Y aunque eche mano de tópicos cristianos –“el cuerpo es cárcel del alma”: San Juan de la Cruz, Santa Teresa y los Padres de la Iglesia-, Sor Juana los transforma para describir el estado mental en que un amor-pasión la ha dejado postrada menos ante un crucifijo, me parece, que ante el recuerdo tortuoso de otra forma del amor, acaso del deseo: “tan precisa es la apetencia / que a ser amados tenemos…”.

III. Mar de la sabiduría
Sabiduría: Grado más alto del conocimiento.
RAE

Entre los villancicos más hermosos de Sor Juana tenemos el que dedica a “Santa Catarina”, uno de los múltiples autorretratos literarios que la monja novohispana nos legó. En la sección VI escribe versos que pueden atribuirse lo mismo a la santa de Alejandría –Catalina- que a ella misma: “Estudia, arguye y enseña / y es de la Iglesia servicio, / que no la quiere ignorante El que racional la hizo… // Nunca de varón ilustre / triunfo igual habemos visto; / y es que quiso Dios en ella / honrar el sexo femíneo…”.

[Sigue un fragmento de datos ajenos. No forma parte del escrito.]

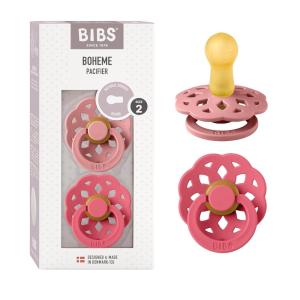 image:imageBIBS Pacifiers 06 Months  Boheme Collection 2Pack  BPAFree Round Nipple  Nautral Rubber Latex  Made in Denmark  VanillaPineDusty Pink  Coral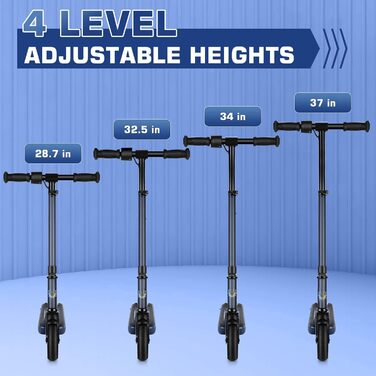 Дитячий 8-12р, 16 км/год, 150 Вт, складний, LED-дисплей, синій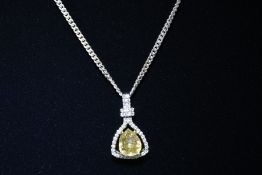 Diamond Pendant with 1.46 Carat Pear Shaped Solitaire Coloured Diamond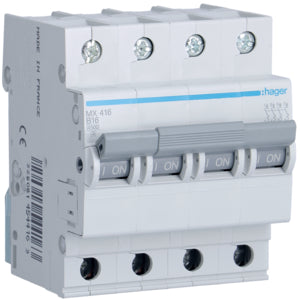 Hager kismegszakító,autómata 4P, B-16A, 4,5kA, 4M MX416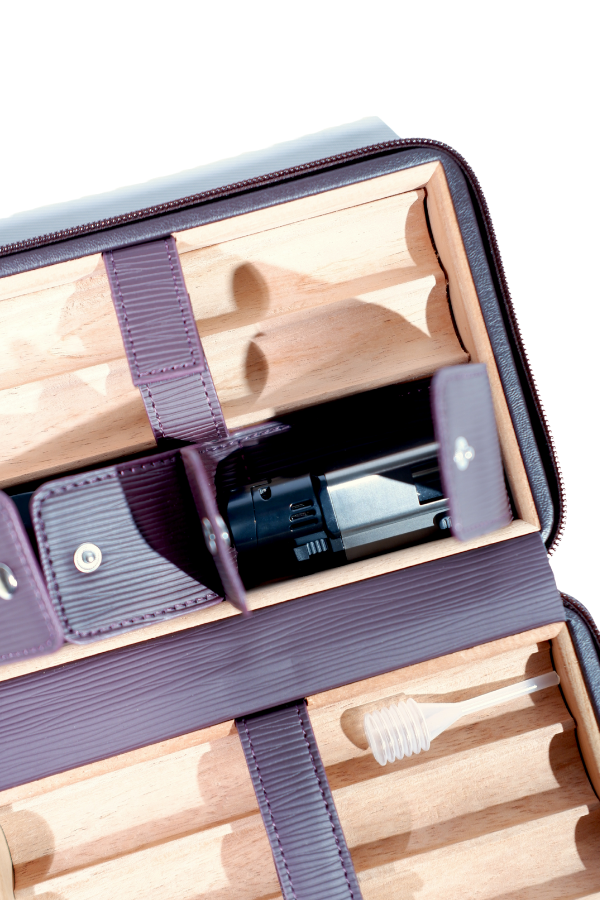 TR8835,Cohiba Bordo Çizgili Dahili Çakmak Kesicili Deri Puro Taşıma Çantası - Seyahat Humidoru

¿Arrogancia? No, sencillamente la verdad. Al hablar de Santa Catarina, Sor Juana se describe a sí misma y a su circunstancia adversa, ésa que la convirtió en una víctima de la misoginia, la envidia y la inquina de muchos contemporáneos: “Las luces de la verdad / no se oscurecen con gritos; / que su eco sabe valiente / sobresalir del ruido… // Perdióse, ¡oh, dolor!, la forma / de sus doctos silogismos; pero, los que no con tinta, dejó con su sangre escritos…”.

Sor Juana habla aquí de sí misma, sin duda alguna. Y lo hace con una valentía y una sabiduría que van a costarle bastante caro. Hoy, por fortuna, entendemos que ella es no es sólo la más alta poeta de su época sino precursora de mucho de lo que hoy seguimos defendiendo. Así, en ella se confabulan la erudición, la reflexión, la fe, una insaciable curiosidad intelectual, la experiencia de “una vida verdaderamente vivida”, pero todo ese caudaloso torrente desemboca en el mar de la sabiduría.